Hastings remained a friend of Margaret Thatcher after his retirement from the Commons in 1983. He and his wife Elizabeth Anne entertained the Thatchers and other notables at Milton Hall, the largest private house in Cambridgeshire. In 1982 Margaret and her husband Denis were at dinner with Stephen and Elizabeth Anne at Milton when the butler entered to ask the Prime Minister to the telephone, by which Margaret was informed of Argentina's invasion of the British South Atlantic island of South Georgia. This marked the start of the Falklands War exactly two weeks later on 2 April with the Argentine invasion of the Falkland Islands.
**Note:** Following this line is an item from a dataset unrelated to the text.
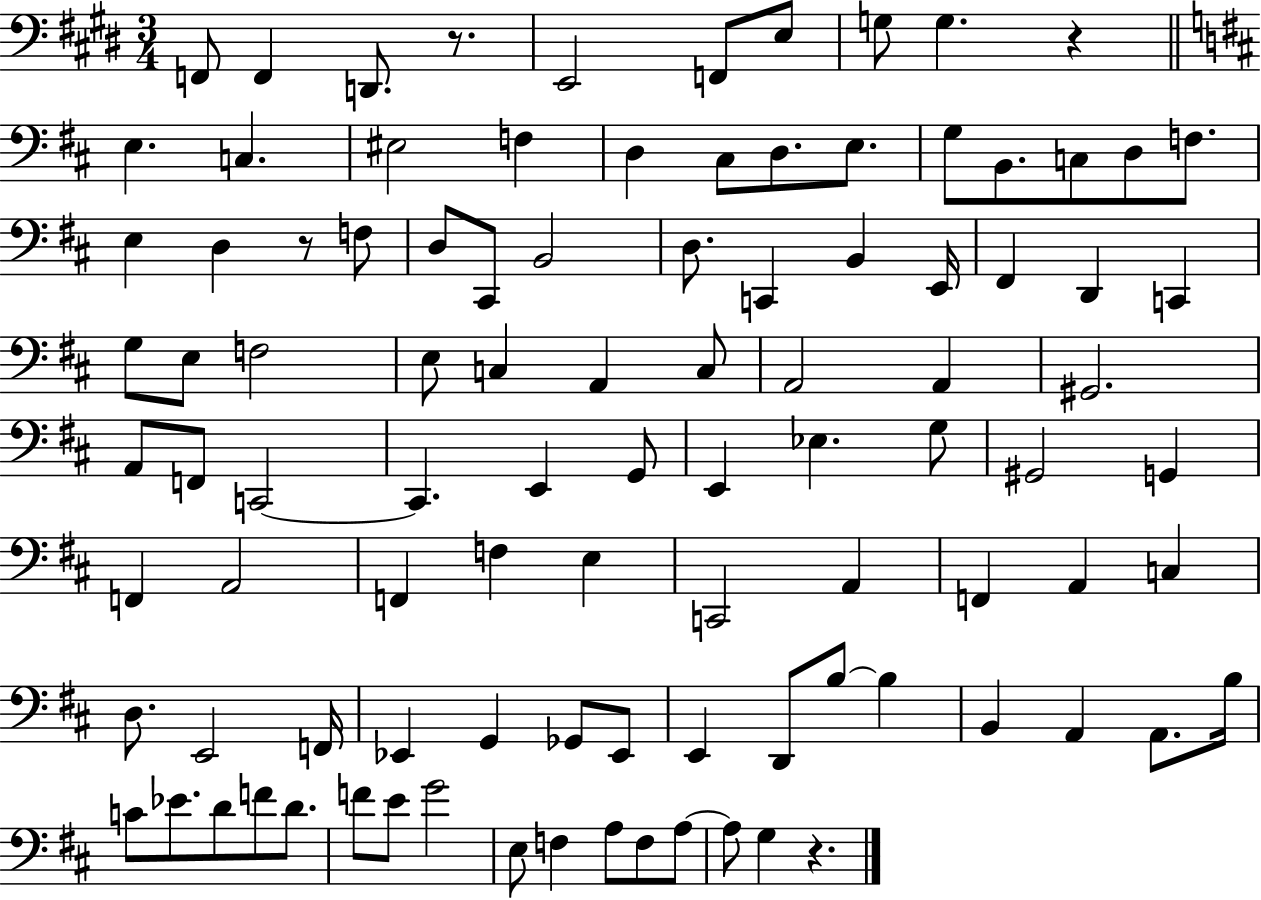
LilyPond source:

Outside his parliamentary duties, Hastings continued to ride, hunting regularly with the Fitzwilliam and other hunts. In 1982 he was elected chairman of the British Field Sports Society in succession to Sir Marcus Kimball. After retiring from Parliament, he became a partner and manager of the Milton Park Stud, a member of the council of the Thoroughbred Breeders' Association, and joint master of the Fitzwilliam Hunt. He had maintained his lifelong love of racing and each evening before dinner, a glass of champagne in hand, he would watch the races of the day, prerecorded by his butler.

Hastings was chairman of the Peterborough Cathedral Development and Preservation Trust and helped raise millions of pounds for the Cathedral's restoration. He was patron of 32 livings, and took his duty to help provide priests for his parishes seriously. He and Elizabeth Anne could be found in the squire's pew at the Church of St Mary the Virgin, Marholm, any Sunday they were at Milton.
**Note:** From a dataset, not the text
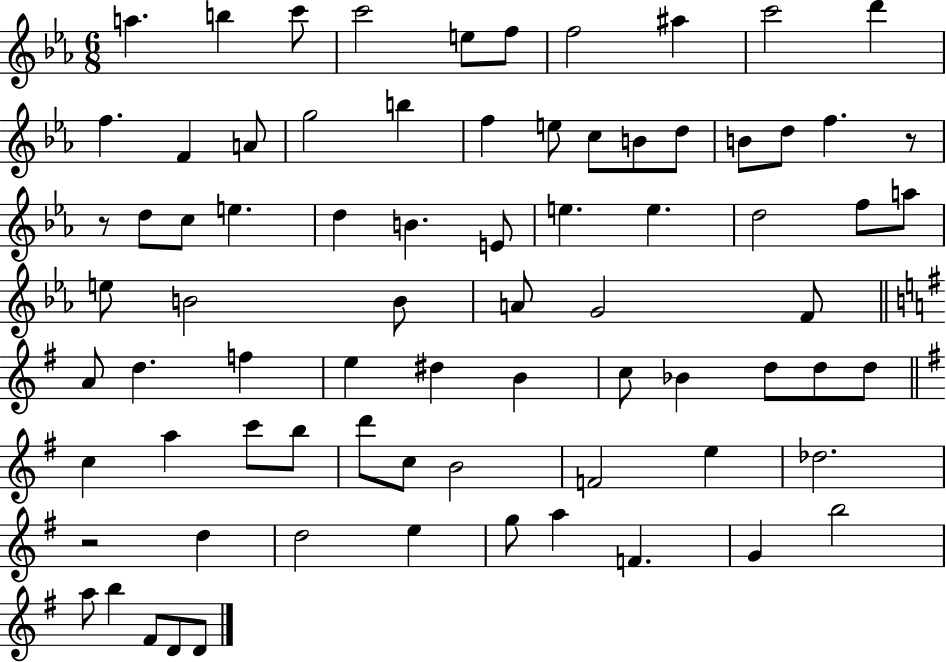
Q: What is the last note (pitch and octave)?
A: D4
Hastings was an accomplished painter, a fine sculptor, and wrote two books, The Murder of TSR2 (1966) and a well-received autobiography, The Drums of Memory (1995). He regularly skied in Switzerland until he was in his ninth decade, and hunted with the Fitzwilliam on his magnificent grey hunter over forty times in the year before his death.

Stephen Hastings married first, in 1948 (dissolved 1971), Harriet Tomlin, with whom he had a son Neil and a daughter Carola. He married secondly, in 1975, Elizabeth Anne Marie Gabrielle, the former Lady Naylor-Leyland. Lady Hastings was born the younger daughter of the 2nd and last Viscount FitzAlan of Derwent and Joyce Langdale of Houghton Hall, West Riding, Yorkshire, who secondly married Thomas Wentworth-Fitzwilliam, 10th and last Earl Fitzwilliam.

In 1979 Lord Fizwilliam left the bulk of his great art collection and the estates of Milton, Cambridgeshire, Wentworth Woodhouse, near Doncaster, and Malton, North Yorkshire, as well as a grand town house in Belgrave Square to his widow, and to Elizabeth Anne, who was widely known in society as the daughter of Lord Fitzwilliam, a fact which she was known to confirm from time to time, though with reservations. Lady Hastings died from cancer at Milton in 1997. Her funeral at St Kyneburgha's Church, Castor, was attended by 800 mourners.

Lady Hastings was succeeded in her stewardship of the Fitzwilliam heritage by her son, Sir Philip Naylor-Leyland, Bt.

Sir Stephen Hastings died on 10 January 2005 at Stibbington House, Cambridgeshire, from oesophageal cancer.